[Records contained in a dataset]
=== Section Start ===

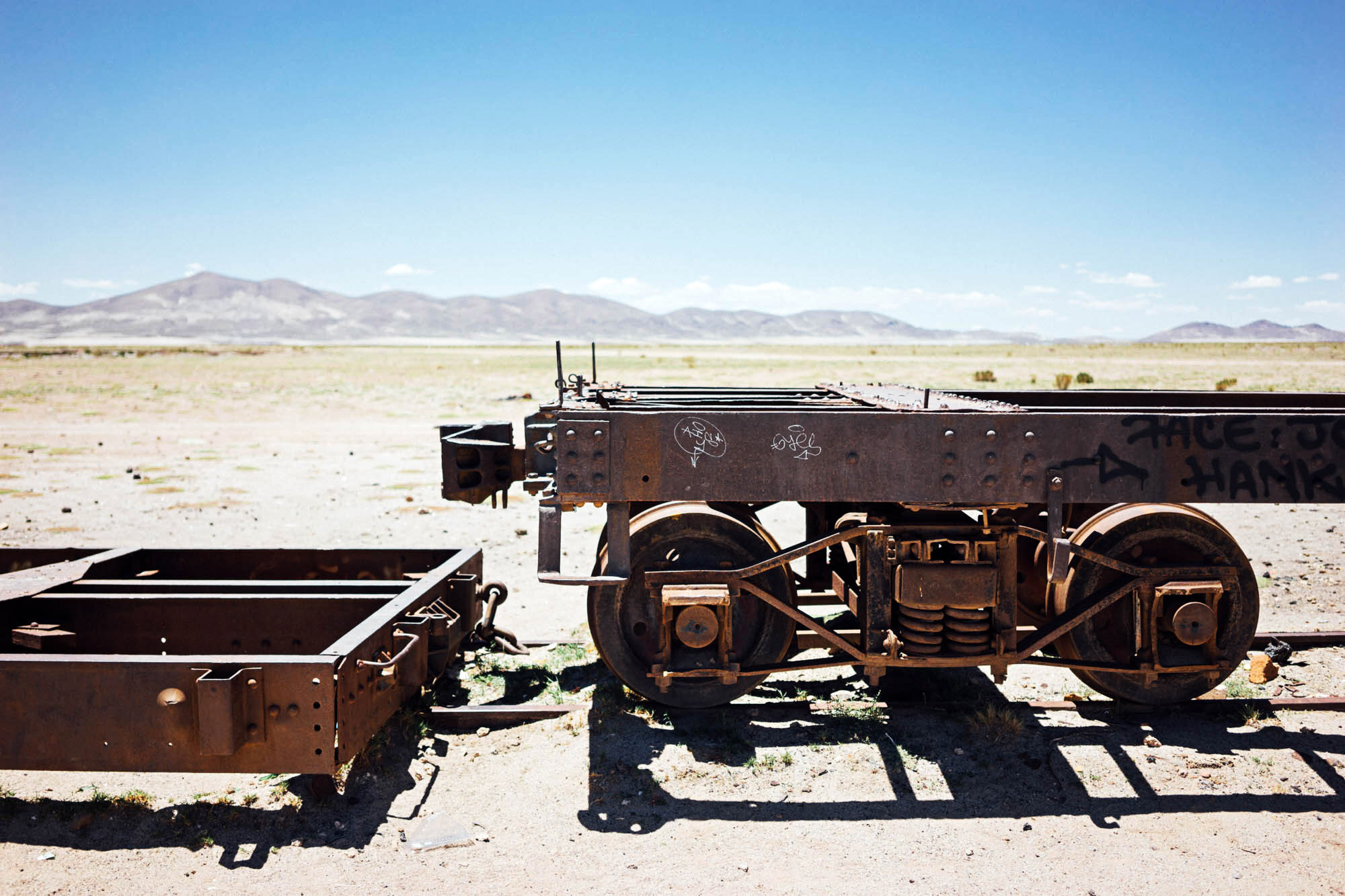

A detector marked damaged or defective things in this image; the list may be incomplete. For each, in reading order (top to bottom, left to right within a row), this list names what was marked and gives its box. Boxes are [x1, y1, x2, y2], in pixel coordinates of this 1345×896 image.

corroded steel wheel [586, 505, 791, 710]
rusty train bogie [444, 376, 1345, 710]
corroded steel wheel [1049, 505, 1259, 710]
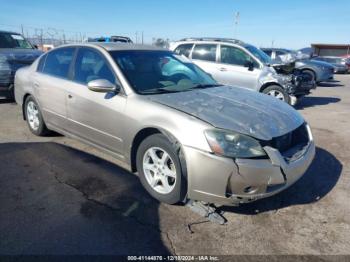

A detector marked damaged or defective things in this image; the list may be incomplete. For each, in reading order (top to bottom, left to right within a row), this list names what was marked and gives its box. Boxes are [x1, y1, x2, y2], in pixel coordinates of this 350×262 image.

damaged vehicle [0, 30, 42, 100]
wrecked car [0, 30, 42, 100]
wrecked car [170, 38, 314, 105]
damaged vehicle [170, 38, 318, 105]
damaged vehicle [14, 43, 314, 207]
wrecked car [14, 43, 314, 207]
crumpled hood [146, 86, 304, 140]
damaged front bumper [185, 126, 316, 206]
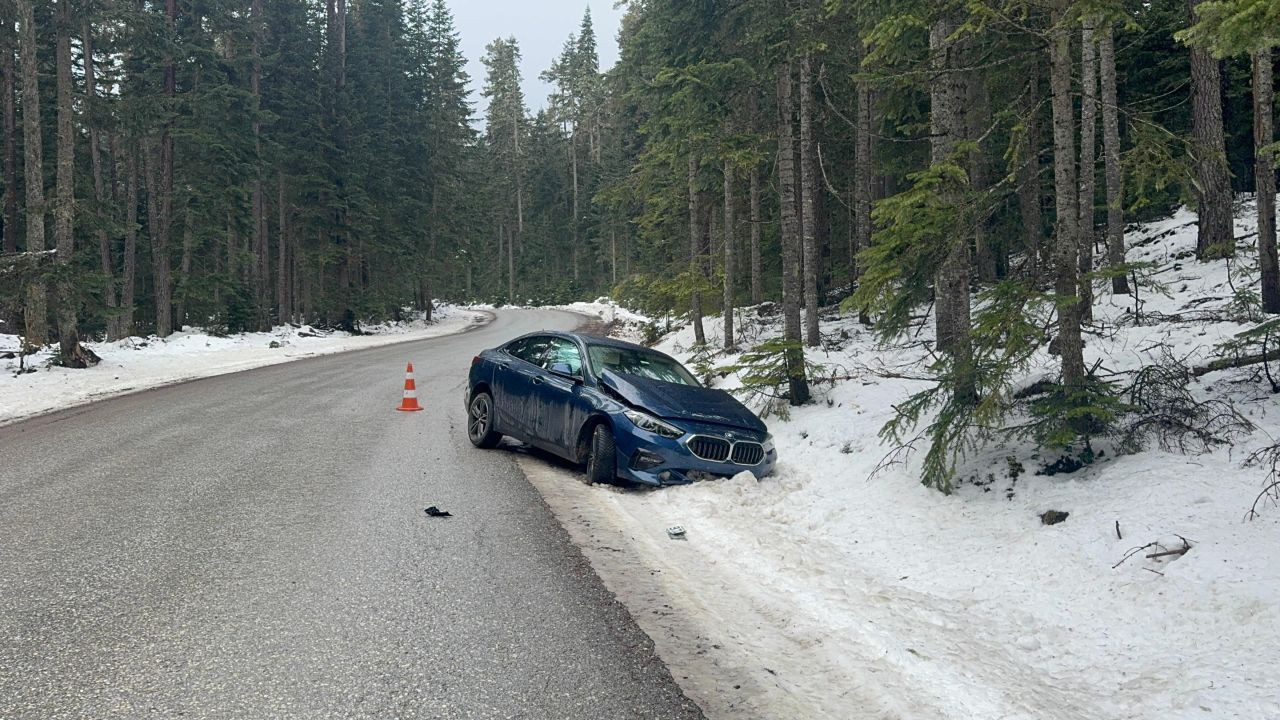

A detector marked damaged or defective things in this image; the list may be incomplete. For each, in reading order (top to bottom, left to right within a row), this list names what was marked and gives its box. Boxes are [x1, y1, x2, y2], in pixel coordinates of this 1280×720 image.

crumpled car hood [596, 368, 762, 430]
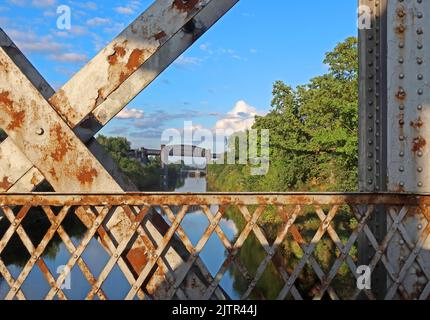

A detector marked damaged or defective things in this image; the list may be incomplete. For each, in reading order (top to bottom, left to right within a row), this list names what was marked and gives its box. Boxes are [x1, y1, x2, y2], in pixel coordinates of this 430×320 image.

rust stain [0, 90, 25, 130]
rust stain [49, 123, 72, 162]
rust stain [77, 165, 98, 185]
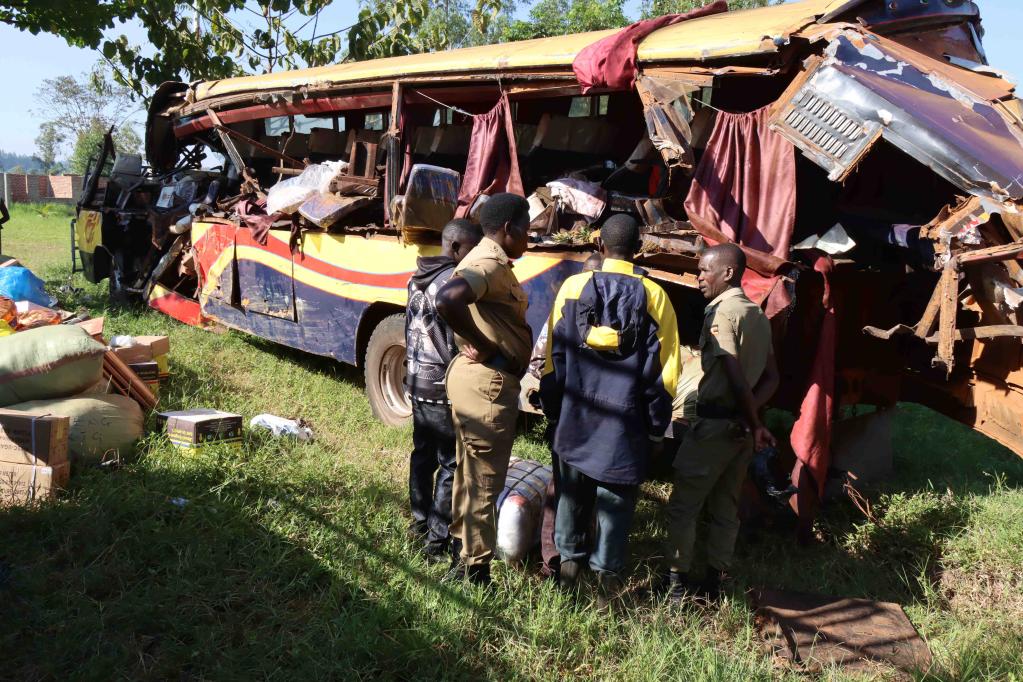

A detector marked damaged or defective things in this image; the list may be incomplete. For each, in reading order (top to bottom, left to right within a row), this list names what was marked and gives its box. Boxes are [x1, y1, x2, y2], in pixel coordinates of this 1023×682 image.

=== Section End ===

**Work request**
Give back the records above exactly. Pictures stay out.

**Written response**
A detector marked damaged or defective things in this image; the list may be incomplete. For each, in reading order (top to bottom, left to right within a row), this list names what was marked and gives its box. Boxes are [x1, y1, x2, y2], in pixel coordinates of this 1345×896 image.

corroded steel wheel [586, 505, 791, 710]
rusty train bogie [444, 376, 1345, 710]
corroded steel wheel [1049, 505, 1259, 710]

A detector marked damaged or defective things in this image; the list may be incomplete. For each, in reading order (top to bottom, left to right within a row), this list names what was marked and gives its box. Boxes are [x1, y1, x2, y2], in pixel coordinates of this 350×262 image.

damaged vehicle [0, 30, 42, 100]
wrecked car [0, 30, 42, 100]
wrecked car [170, 38, 314, 105]
damaged vehicle [170, 38, 318, 105]
damaged vehicle [14, 43, 314, 207]
wrecked car [14, 43, 314, 207]
crumpled hood [146, 86, 304, 140]
damaged front bumper [185, 126, 316, 206]

A detector marked damaged or defective things in this image; the list may be incomplete. For each, in reading order (top to bottom, left to right within a row), this list names what was marked and gives its box. Boxes are [x1, y1, x2, y2], in pixel coordinates of this 1280×720 image.

crumpled car hood [596, 368, 762, 430]

A detector marked damaged or defective things in this image; the list may be incomplete. For each, in reading order (top to bottom, left to right within a row), this list names what was marked and gives its box. Boxes are [x1, y1, x2, y2], in pixel coordinates of this 430×320 image.

rust stain [0, 90, 25, 130]
rust stain [49, 123, 72, 162]
rust stain [77, 165, 98, 185]

A detector marked damaged or defective things in this image; the list may be incomplete. For each, in reading order (top to bottom, left to right within a row), this list names what was marked and gives its box. Boxes are [x1, y1, x2, y2], in pixel coordinates of this 1023×682 image.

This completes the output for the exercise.